Quote exactly and only this range of lines in the data below: the line that holds "So go grab yourself" to the line that holds "Now that we", both included.

▸ **Available data**:
*** Begin section ***

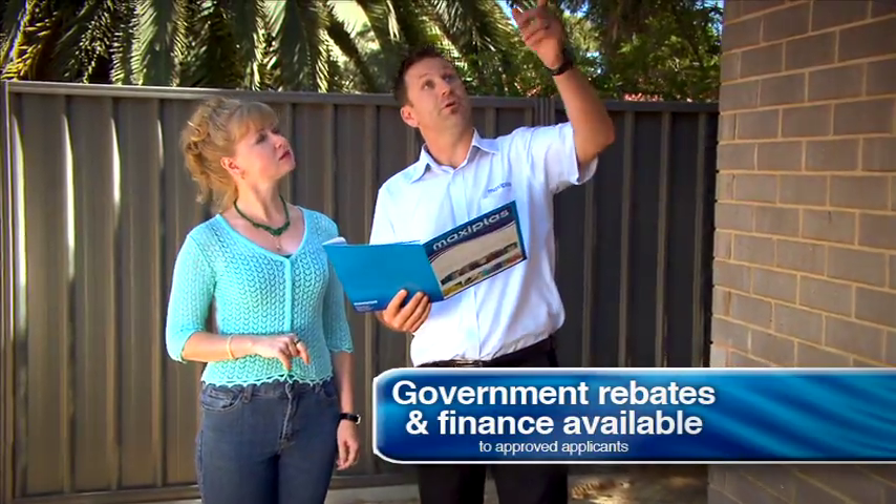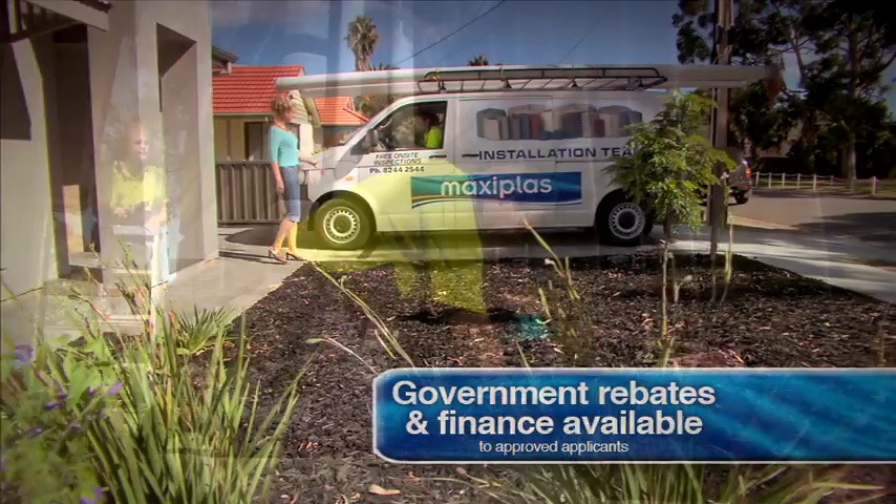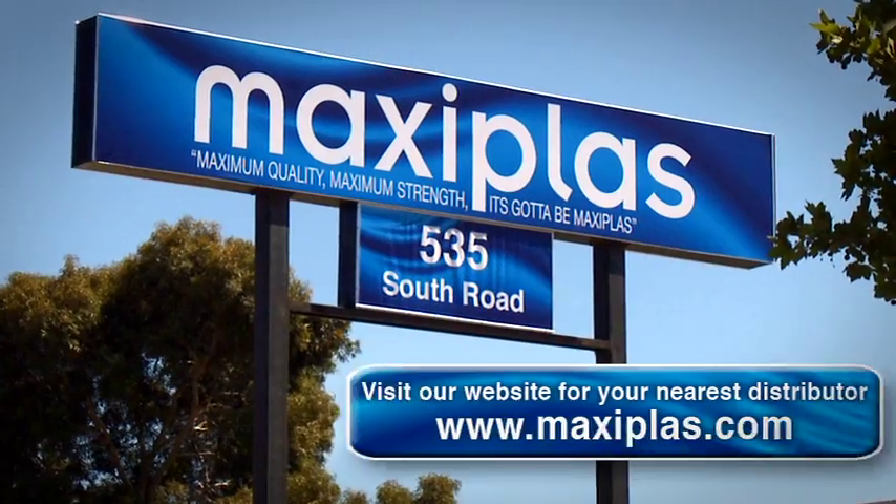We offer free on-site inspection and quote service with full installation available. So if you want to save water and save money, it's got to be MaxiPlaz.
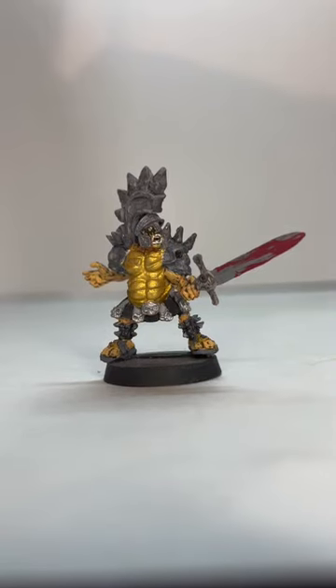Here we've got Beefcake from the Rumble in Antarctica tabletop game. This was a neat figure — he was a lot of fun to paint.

*** End section ***
*** Begin section ***

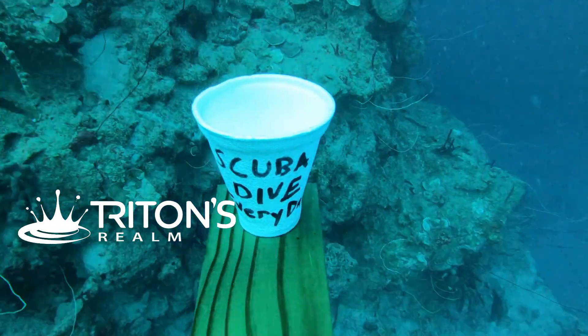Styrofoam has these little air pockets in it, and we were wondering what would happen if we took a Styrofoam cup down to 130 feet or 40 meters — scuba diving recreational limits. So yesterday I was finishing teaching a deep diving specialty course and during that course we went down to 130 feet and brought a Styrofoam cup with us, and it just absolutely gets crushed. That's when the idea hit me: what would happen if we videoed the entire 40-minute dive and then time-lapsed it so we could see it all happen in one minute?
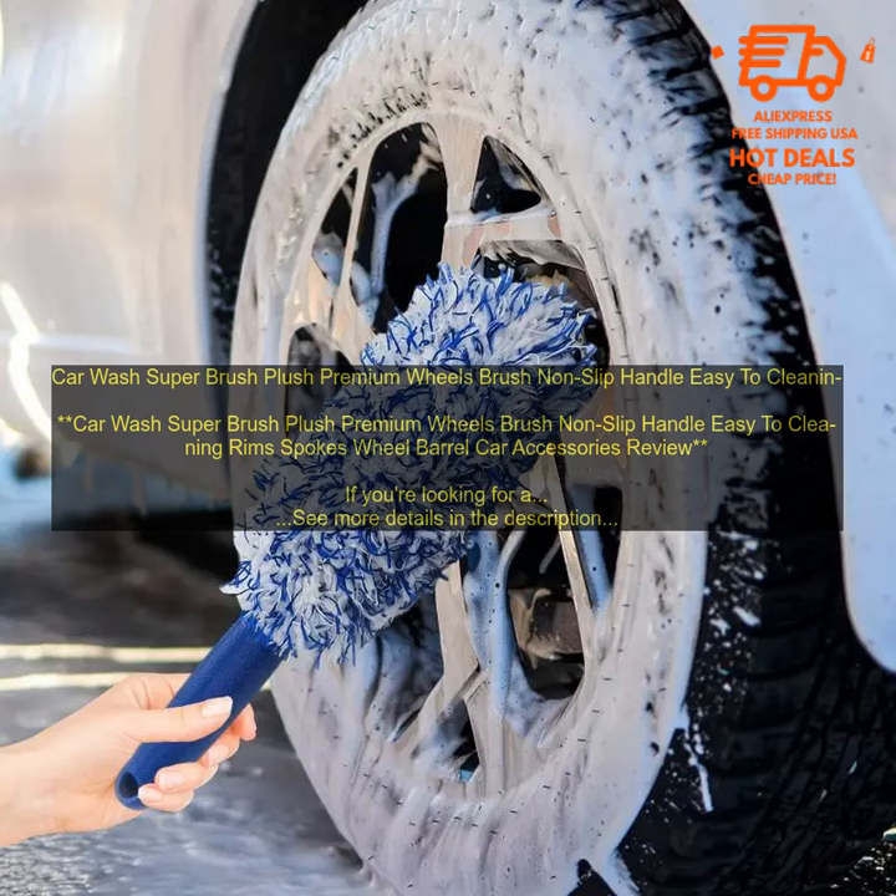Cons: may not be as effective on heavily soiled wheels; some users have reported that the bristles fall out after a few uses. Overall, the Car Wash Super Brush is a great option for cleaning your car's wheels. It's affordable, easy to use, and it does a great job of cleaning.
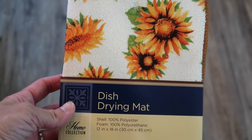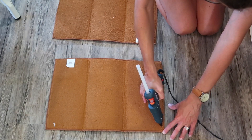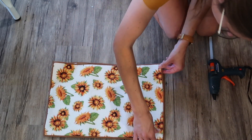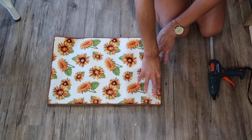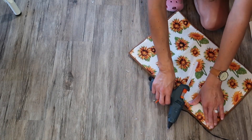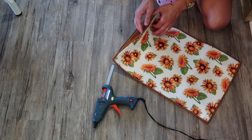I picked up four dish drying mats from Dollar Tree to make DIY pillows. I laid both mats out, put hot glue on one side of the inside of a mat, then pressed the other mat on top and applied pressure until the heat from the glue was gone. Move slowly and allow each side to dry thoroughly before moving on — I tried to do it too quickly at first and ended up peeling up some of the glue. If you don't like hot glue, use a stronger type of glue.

*** End section ***
*** Begin section ***

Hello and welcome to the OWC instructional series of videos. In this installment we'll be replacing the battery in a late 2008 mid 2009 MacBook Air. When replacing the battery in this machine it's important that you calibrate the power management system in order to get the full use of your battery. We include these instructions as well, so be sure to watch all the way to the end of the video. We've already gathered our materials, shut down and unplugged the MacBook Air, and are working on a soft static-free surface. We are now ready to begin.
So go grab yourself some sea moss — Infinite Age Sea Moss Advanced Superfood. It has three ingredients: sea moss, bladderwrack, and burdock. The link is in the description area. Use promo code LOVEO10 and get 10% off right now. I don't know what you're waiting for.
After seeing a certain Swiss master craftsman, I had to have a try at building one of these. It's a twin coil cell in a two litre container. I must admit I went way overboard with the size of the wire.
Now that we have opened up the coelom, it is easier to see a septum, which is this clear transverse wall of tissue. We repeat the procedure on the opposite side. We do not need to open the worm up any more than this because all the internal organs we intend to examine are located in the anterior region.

*** End section ***

▸ **Your response**:
So go grab yourself some sea moss — Infinite Age Sea Moss Advanced Superfood. It has three ingredients: sea moss, bladderwrack, and burdock. The link is in the description area. Use promo code LOVEO10 and get 10% off right now. I don't know what you're waiting for.
After seeing a certain Swiss master craftsman, I had to have a try at building one of these. It's a twin coil cell in a two litre container. I must admit I went way overboard with the size of the wire.
Now that we have opened up the coelom, it is easier to see a septum, which is this clear transverse wall of tissue. We repeat the procedure on the opposite side. We do not need to open the worm up any more than this because all the internal organs we intend to examine are located in the anterior region.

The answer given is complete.